§ **DATA TO EXAMINE**
==========

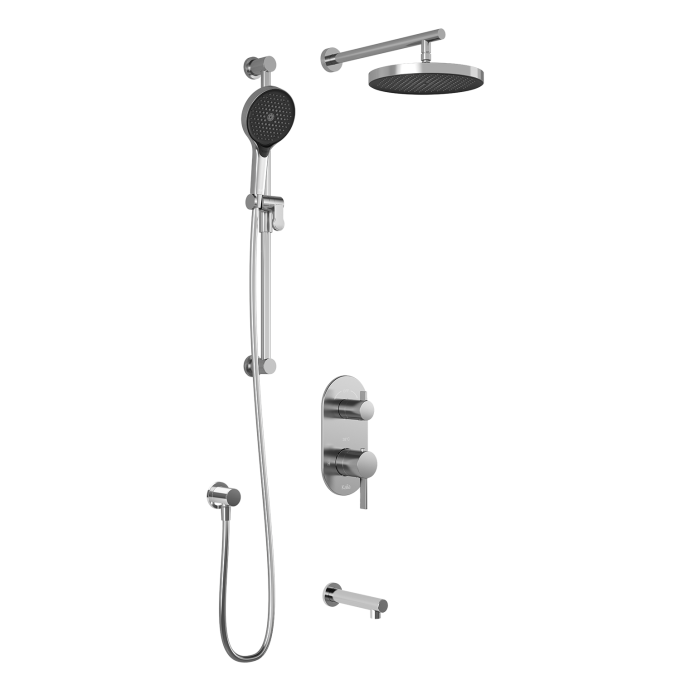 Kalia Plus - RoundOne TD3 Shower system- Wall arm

==========

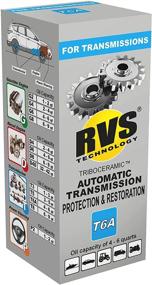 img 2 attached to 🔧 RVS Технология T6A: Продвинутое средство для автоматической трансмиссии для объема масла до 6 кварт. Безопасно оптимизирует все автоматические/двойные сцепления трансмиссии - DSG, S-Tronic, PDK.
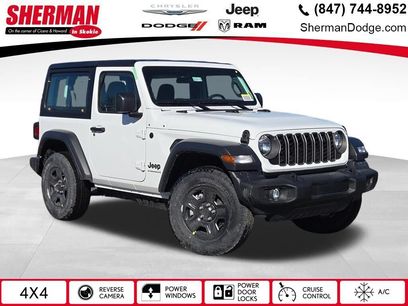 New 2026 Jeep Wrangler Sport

==========

§ **ACTIVITY**
Each line from the one that contains "img 2 attached" down to the one that contains "New 2026 Jeep Wrangler Sport" is to be returned exactly as it stands above, both ends included, with pictures removed.

§ **OUTPUT FOR THIS EXERCISE**
 img 2 attached to 🔧 RVS Технология T6A: Продвинутое средство для автоматической трансмиссии для объема масла до 6 кварт. Безопасно оптимизирует все автоматические/двойные сцепления трансмиссии - DSG, S-Tronic, PDK.
 New 2026 Jeep Wrangler Sport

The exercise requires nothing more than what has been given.